Figure 1: Conventional approaches (left) rely on discrete gait switching with predefined libraries. The proposed framework (right) performs joint optimization over actions and continuous gait parameters using learned dynamics and a reward-based planner.
Framework Architecture and Training Pipeline
The system models quadruped locomotion as an infinite-horizon discounted POMDP, with the Dreamer module learning latent dynamics, reward, and value functions from observation histories. The RL policy is trained using PPO, conditioned on gait parameters, and the Dreamer module is trained in parallel to provide all components required for deployment-time planning. The observation space includes joint positions, velocities, timing references, commanded gait, projected gravity, and previous actions. The action space consists of joint-angle perturbations applied to nominal joint angles, processed through an actuator network.
Figure 2: Overview of the training pipeline: the Dreamer module learns latent dynamics, reward, and value functions from observation histories, while the expert actor is trained using supervised signals from Dreamer outputs.
The reward structure during training combines velocity tracking, energy efficiency, angular velocity minimization, action continuity, and gait continuity, with additional penalties for actor divergence and abrupt gait changes during deployment. The Dreamer module provides a cloned policy for warm-starting MPPI, a learned dynamics model, a generalized reward model, and a value function for infinite-horizon planning.
Model Predictive Path Integral (MPPI) Planning
During deployment, the MPPI planner jointly optimizes control actions and gait parameters in real time. The optimization problem maximizes the expected cumulative reward, subject to the learned Dreamer dynamics. MPPI is chosen for its sampling-based nature, which allows it to operate with non-differentiable models and directly incorporate action and gait constraints.
Figure 3: Pictorial representation of the MPPI algorithm: the warm start utilizes Dreamer policy and dynamics to generate initial trajectories to help MPPI.
At each timestep, trajectories are sampled from the Dreamer policy and dynamics model to initialize the MPPI distribution. Action and gait sequences are then sampled, and rollouts are generated through the Dreamer dynamics. Returns are computed using the Dreamer reward model with value bootstrapping, and elite trajectories are selected to update the sampling distribution. The first action and updated gait command are executed, enabling continuous adaptation.

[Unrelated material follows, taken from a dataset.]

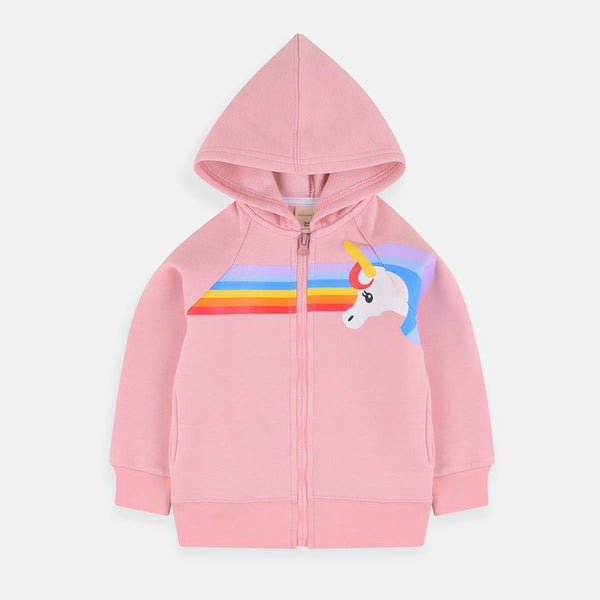 B.X Rainbow Unicorn Print Pink Zipper Hoodie 3439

Gait parameters are represented as a [3×1] vector encoding phase offsets between leg pairs, allowing for continuous modulation of gait structures. A wrap function enforces smooth and bounded variation.
Experimental Evaluation
Fixed-Gait Ablation
An ablation study on the Unitree Go1 in simulation demonstrates the limitations of fixed-gait policies. Four major gaits (trot, pace, bound, pronk) are evaluated across a range of commanded velocities. Results show that no single gait performs optimally across all speeds; for example, trotting maintains low velocity errors but constant CoT, while pronking becomes more energy-efficient at higher speeds.
Figure 4: Performance comparison of fixed gaits across command velocities on flat terrain, illustrating the limitations of using a single gait policy and the need for adaptive gait selection.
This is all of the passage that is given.